It was heartbreaking, that final glance, when he saw his wife and kids for the last time. Memories flashed back, in heartbreaking cascades, of all those special moments – the first time he met...
It was heartbreaking, that final glance, when he saw his wife and kids for the last time. Memories flashed back, in heartbreaking cascades, of all those special moments – the first time he met his wife, his son’s first steps, his daughter’s first words, family picnics, the long drives, the dinner-time banter.
How quickly it all seemed to go by, he wondered, before he took off his virtual reality (VR) headset and returned to the chaos of his actual family. He was right, it actually had gone by pretty quick, a total of two hours and 45 minutes to be precise.

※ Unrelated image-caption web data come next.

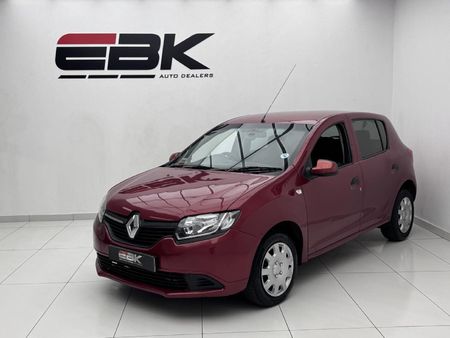 2015-Renault-Sandero-900T-Dynamique_2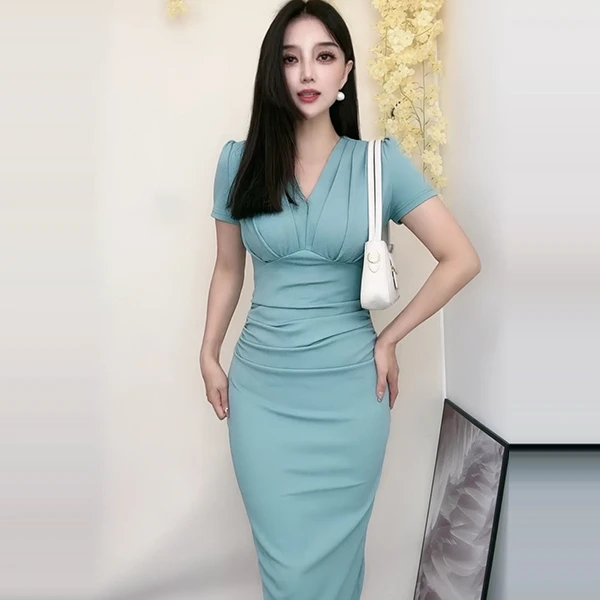 法式高端气质V领女裙子夏季新款高级洋气短袖收腰修身女装连衣裙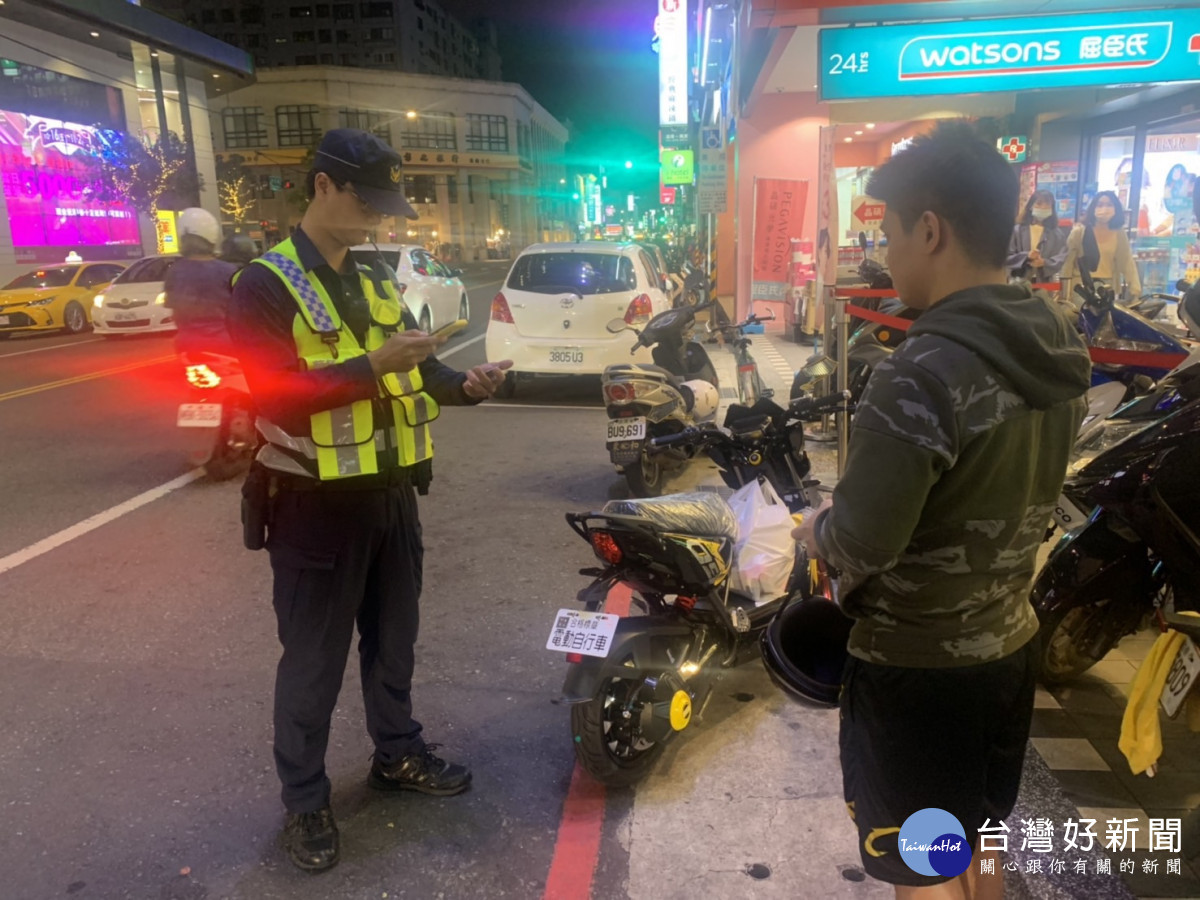禁止慢車酒駕上路，警方展開取締行動，保障交通安全。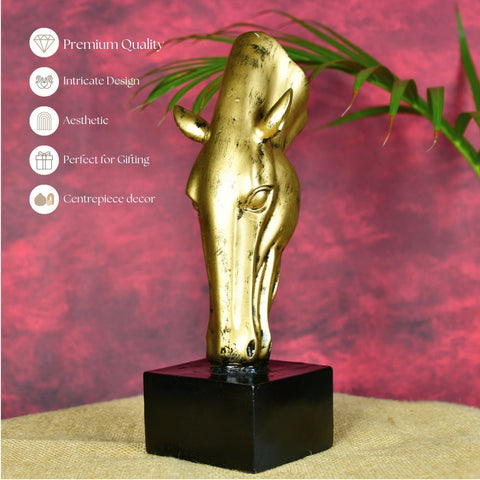 Vastu Principles for Sowpeace Resin Grazing Horse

To some, this might sound ambitiously futuristic, perhaps comically so. They clearly haven’t experienced existing VR offerings in the marketplace. Because the slightest exposure to immersive 3D VR should suffice to denude even the most hardened sceptic of any doubt that in the next few decades, a significant percentage of people will simply be plugged into alternative virtual realities.
And VR is riding on the wave of artificial intelligence (AI), which is changing our very interface with reality as we know it. Digital bots modelled on self-learning algorithms are beginning to interact with humans as their virtual assistants. A few more years and your tax accountant will likely be a voice-enabled interactive bot who knows all your tax history better than you do, and will happily file your annual tax returns.

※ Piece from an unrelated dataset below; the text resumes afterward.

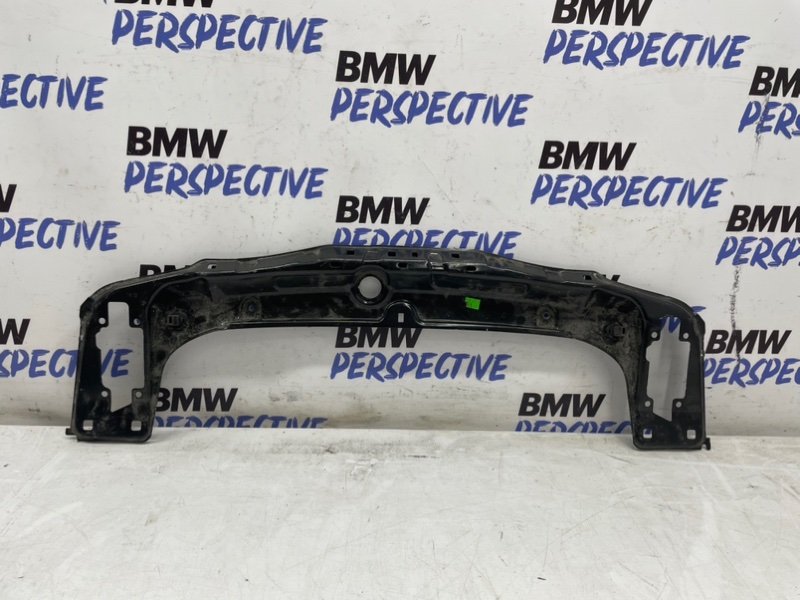 Поперечное соединение переднее M3 F80 Поперечное соединение переднее M3 F80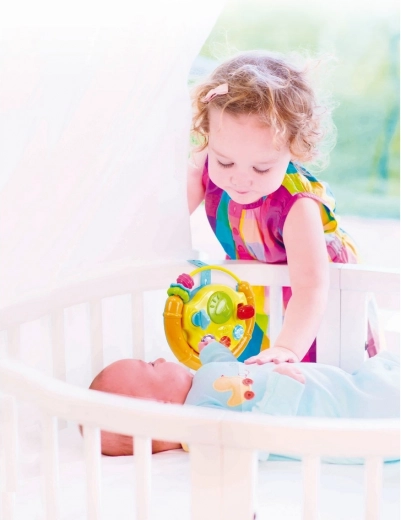 Jednoduché upevnenie na postieľku či kočík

Much of our cognitive load will simply be outsourced to our benevolent, or not-so-benevolent, robot friends. Think spatial navigation, a critical aspect of human cognition, outsourced almost completely to smartphones. Sounds quite benign, till you realise human cognitive functions don’t quite operate in silos; they often fire up other cognitive functions too.
For example, good spatial navigation is often correlated with superior math skills. The human brain is, after all, a mesh of overlying functions and faculties, each feeding the other. The diminishment, therefore, of one function can easily lead to the diminishment of others. In other words, as our robot friends might get smarter, we might get dumber. And this perhaps is the greatest danger of all, that while in the Industrial Revolution, machines replaced humans in hard labour, the AI-powered robots of the digital revolution are replacing humans in cognitive tasks. You can take hard labour from a man, say a farmer, and teach him new skills, say data entry. But what do you teach a man when future flavours of Alpha Zero (an unparalleled AI-powered chess programme) take over the most complicated tasks performed by humans, and execute them with thousand-fold efficiency?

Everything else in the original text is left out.